Work task
When you reach the line containing "Glossy Wrapping Papper, Fruit", begin reproducing the material exactly, stop after the line containing "Dots black backless zipper dress", and leave out any pictures along the way.

Supplied material
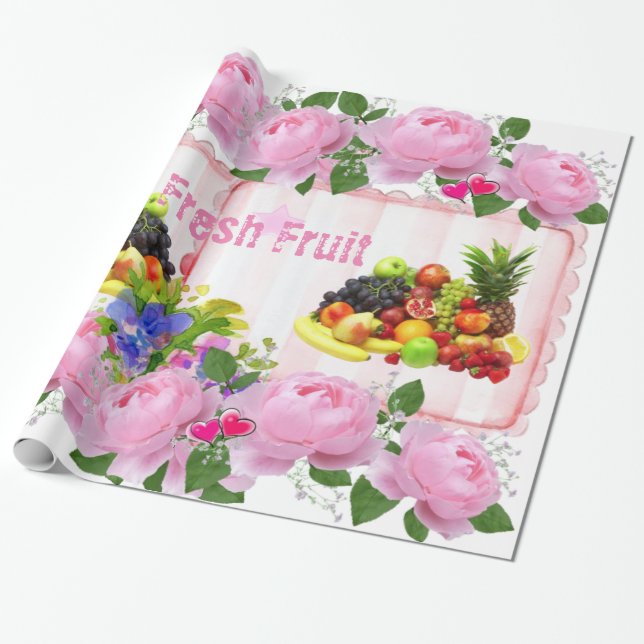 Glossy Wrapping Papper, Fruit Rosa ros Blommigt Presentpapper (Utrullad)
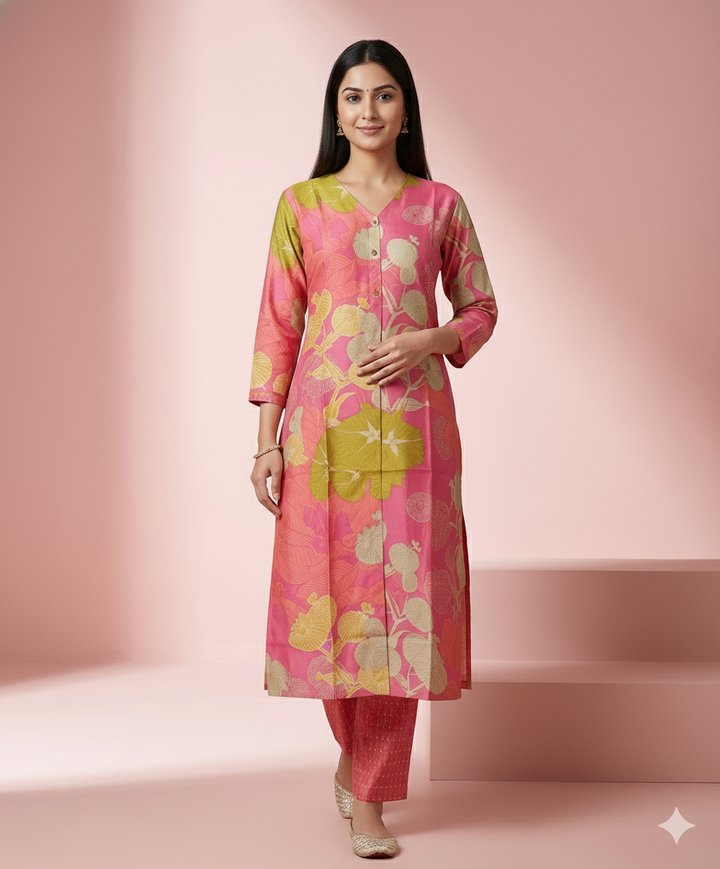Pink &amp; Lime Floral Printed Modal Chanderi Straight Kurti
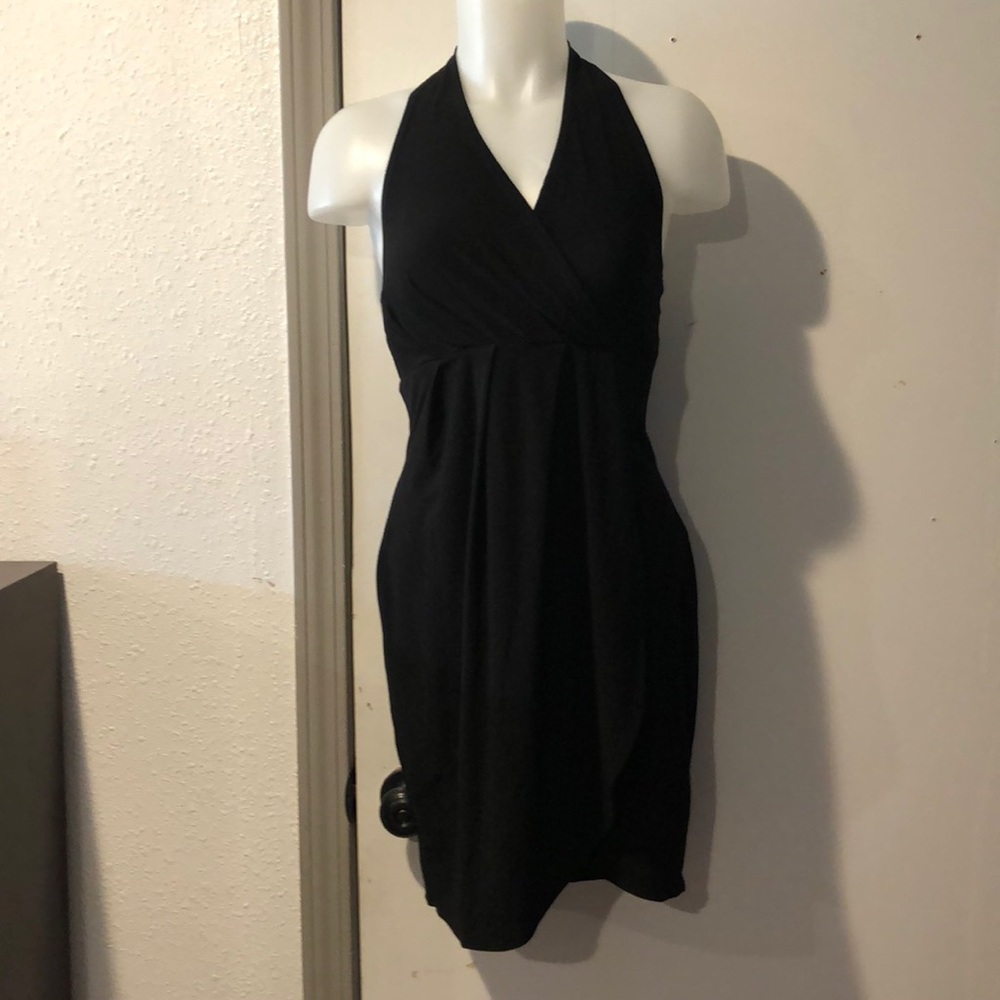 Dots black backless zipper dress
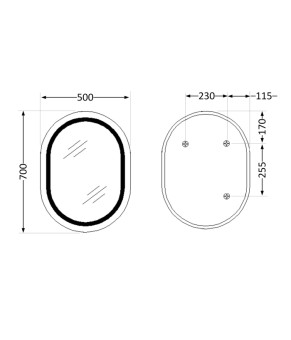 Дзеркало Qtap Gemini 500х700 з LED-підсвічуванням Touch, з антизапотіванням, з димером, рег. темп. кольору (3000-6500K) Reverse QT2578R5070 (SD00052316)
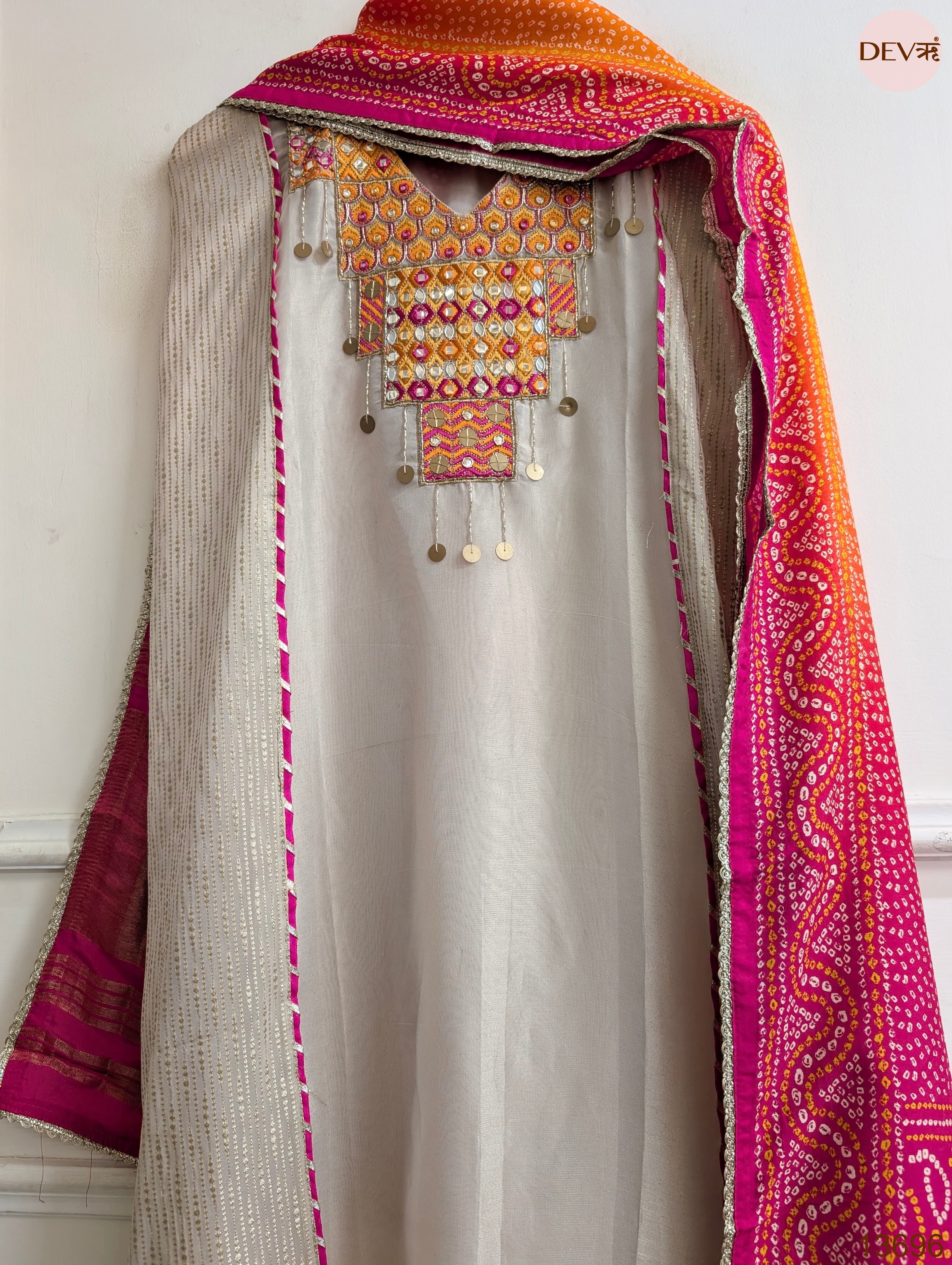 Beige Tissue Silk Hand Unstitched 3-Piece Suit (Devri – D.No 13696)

...

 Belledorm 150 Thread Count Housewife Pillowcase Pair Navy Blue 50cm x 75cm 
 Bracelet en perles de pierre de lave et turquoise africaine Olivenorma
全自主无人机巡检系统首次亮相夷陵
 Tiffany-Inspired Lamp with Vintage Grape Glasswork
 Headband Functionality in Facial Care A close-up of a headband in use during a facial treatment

==

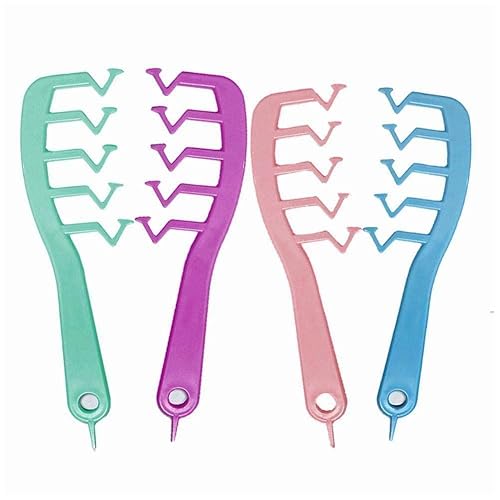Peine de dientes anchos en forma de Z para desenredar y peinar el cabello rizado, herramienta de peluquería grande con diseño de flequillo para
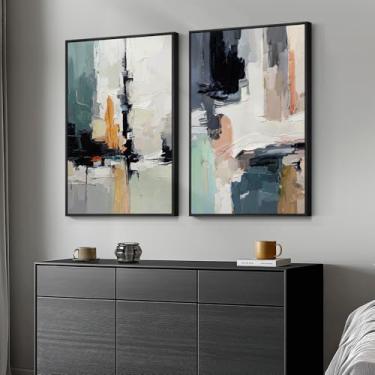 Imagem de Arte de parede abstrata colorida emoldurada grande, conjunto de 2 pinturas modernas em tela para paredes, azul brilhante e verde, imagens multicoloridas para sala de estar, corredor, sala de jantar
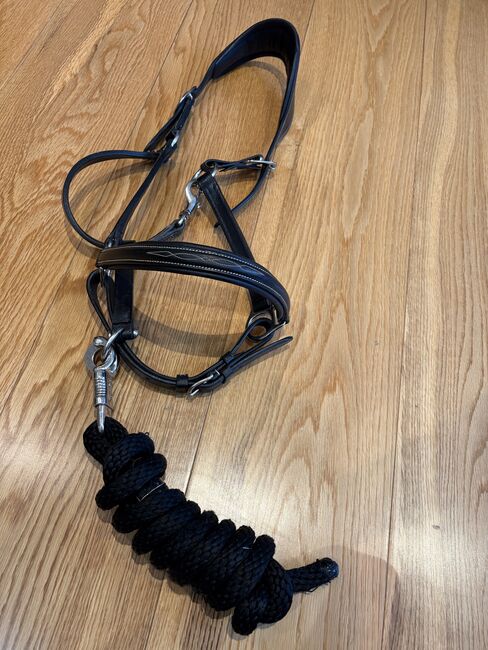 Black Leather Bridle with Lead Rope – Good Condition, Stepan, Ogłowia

Result of the task
 Glossy Wrapping Papper, Fruit Rosa ros Blommigt Presentpapper (Utrullad)
Pink &amp; Lime Floral Printed Modal Chanderi Straight Kurti
 Dots black backless zipper dress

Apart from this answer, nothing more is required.